Records drawn from a dataset
● ● ● ●

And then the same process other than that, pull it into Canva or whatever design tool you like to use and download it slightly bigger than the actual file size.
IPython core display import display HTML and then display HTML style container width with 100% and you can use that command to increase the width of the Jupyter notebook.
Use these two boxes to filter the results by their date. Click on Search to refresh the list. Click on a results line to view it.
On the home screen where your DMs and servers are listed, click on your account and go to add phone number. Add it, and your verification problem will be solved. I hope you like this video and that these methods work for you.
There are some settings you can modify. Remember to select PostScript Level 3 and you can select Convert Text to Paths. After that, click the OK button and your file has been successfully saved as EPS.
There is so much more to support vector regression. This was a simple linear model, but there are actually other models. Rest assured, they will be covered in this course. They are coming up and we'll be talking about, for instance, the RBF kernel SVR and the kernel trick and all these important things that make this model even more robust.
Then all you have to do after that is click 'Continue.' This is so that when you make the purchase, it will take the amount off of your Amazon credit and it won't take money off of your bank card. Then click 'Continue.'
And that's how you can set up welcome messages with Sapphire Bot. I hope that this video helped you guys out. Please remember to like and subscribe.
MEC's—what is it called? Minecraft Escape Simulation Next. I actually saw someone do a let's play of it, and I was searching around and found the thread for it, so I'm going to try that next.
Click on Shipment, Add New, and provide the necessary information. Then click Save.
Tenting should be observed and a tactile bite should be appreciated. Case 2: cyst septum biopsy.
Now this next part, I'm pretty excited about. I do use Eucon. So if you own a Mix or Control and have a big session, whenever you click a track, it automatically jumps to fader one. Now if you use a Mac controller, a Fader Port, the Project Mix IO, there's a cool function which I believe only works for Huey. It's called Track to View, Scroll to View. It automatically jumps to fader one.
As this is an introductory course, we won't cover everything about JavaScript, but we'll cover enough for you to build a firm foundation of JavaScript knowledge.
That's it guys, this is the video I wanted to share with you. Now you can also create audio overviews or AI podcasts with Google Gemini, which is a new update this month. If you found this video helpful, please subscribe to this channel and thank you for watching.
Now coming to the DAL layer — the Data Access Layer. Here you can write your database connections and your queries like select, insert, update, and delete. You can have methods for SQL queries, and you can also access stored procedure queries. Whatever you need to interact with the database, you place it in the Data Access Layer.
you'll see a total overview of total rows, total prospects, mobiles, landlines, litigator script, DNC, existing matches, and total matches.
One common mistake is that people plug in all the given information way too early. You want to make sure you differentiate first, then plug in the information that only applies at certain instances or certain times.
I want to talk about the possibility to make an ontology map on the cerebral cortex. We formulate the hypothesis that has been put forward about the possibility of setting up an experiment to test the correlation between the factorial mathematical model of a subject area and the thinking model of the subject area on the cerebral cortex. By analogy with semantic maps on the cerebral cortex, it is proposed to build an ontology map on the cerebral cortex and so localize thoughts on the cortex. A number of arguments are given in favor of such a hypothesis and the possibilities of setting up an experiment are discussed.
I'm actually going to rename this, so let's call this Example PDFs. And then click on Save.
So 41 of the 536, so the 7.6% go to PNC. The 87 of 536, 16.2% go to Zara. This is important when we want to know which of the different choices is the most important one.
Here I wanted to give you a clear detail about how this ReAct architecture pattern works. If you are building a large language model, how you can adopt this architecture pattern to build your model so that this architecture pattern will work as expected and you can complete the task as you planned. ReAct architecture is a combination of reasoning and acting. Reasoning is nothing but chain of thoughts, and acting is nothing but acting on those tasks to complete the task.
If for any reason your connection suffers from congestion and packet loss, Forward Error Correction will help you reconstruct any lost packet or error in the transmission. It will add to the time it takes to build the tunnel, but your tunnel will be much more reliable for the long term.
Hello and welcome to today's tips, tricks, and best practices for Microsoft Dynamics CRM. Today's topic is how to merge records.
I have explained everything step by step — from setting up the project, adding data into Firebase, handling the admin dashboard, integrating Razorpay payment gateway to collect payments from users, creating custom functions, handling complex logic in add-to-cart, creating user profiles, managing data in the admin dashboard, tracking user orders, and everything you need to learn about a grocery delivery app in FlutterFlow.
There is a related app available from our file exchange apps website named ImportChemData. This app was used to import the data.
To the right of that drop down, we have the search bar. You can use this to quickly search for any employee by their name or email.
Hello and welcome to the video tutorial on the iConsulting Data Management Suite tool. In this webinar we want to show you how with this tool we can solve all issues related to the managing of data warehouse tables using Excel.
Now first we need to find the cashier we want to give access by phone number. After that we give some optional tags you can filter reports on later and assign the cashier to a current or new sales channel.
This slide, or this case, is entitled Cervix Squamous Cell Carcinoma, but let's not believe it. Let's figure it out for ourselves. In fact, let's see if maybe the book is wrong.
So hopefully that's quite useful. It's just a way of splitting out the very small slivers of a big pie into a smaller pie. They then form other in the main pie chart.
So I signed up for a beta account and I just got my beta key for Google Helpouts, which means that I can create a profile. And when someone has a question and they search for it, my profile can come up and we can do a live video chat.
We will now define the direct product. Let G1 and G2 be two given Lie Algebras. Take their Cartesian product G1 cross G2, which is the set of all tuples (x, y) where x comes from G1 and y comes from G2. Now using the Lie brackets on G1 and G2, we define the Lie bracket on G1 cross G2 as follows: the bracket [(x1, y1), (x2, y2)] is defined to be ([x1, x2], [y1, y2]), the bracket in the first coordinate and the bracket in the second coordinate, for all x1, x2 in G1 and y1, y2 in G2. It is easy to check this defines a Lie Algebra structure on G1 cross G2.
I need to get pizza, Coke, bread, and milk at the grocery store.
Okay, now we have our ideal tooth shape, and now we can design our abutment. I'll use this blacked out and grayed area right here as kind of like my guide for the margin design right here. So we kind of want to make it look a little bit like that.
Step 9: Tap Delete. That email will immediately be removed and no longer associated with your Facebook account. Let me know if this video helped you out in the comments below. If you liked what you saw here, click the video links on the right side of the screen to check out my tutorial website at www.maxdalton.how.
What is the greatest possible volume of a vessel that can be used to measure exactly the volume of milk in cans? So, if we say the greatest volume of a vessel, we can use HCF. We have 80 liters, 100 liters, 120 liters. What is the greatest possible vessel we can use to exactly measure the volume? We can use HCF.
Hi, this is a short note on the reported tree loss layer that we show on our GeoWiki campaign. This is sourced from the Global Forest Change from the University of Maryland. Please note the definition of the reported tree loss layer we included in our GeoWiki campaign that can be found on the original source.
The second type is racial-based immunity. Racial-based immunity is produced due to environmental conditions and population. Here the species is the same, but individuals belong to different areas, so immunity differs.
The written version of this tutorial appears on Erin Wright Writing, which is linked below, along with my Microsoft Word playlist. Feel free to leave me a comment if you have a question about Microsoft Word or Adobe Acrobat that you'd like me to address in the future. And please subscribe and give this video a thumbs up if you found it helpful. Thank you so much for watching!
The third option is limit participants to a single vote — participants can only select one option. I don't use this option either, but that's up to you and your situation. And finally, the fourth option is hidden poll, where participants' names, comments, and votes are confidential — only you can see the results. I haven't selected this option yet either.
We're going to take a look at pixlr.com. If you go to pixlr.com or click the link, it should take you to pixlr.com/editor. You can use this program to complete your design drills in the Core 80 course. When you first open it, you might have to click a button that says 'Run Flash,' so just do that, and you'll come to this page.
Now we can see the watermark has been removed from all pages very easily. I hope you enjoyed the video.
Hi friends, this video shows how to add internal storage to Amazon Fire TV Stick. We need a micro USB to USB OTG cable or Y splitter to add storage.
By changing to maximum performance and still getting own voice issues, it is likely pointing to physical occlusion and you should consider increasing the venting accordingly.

● ● ● ●

- _Your goal_:
Both end lines included, restate word for word the lines above from the line with "This slide, or" to the line with "What is the greatest possible volume", and nothing else.

- _Worked solution_:
This slide, or this case, is entitled Cervix Squamous Cell Carcinoma, but let's not believe it. Let's figure it out for ourselves. In fact, let's see if maybe the book is wrong.
So hopefully that's quite useful. It's just a way of splitting out the very small slivers of a big pie into a smaller pie. They then form other in the main pie chart.
So I signed up for a beta account and I just got my beta key for Google Helpouts, which means that I can create a profile. And when someone has a question and they search for it, my profile can come up and we can do a live video chat.
We will now define the direct product. Let G1 and G2 be two given Lie Algebras. Take their Cartesian product G1 cross G2, which is the set of all tuples (x, y) where x comes from G1 and y comes from G2. Now using the Lie brackets on G1 and G2, we define the Lie bracket on G1 cross G2 as follows: the bracket [(x1, y1), (x2, y2)] is defined to be ([x1, x2], [y1, y2]), the bracket in the first coordinate and the bracket in the second coordinate, for all x1, x2 in G1 and y1, y2 in G2. It is easy to check this defines a Lie Algebra structure on G1 cross G2.
I need to get pizza, Coke, bread, and milk at the grocery store.
Okay, now we have our ideal tooth shape, and now we can design our abutment. I'll use this blacked out and grayed area right here as kind of like my guide for the margin design right here. So we kind of want to make it look a little bit like that.
Step 9: Tap Delete. That email will immediately be removed and no longer associated with your Facebook account. Let me know if this video helped you out in the comments below. If you liked what you saw here, click the video links on the right side of the screen to check out my tutorial website at www.maxdalton.how.
What is the greatest possible volume of a vessel that can be used to measure exactly the volume of milk in cans? So, if we say the greatest volume of a vessel, we can use HCF. We have 80 liters, 100 liters, 120 liters. What is the greatest possible vessel we can use to exactly measure the volume? We can use HCF.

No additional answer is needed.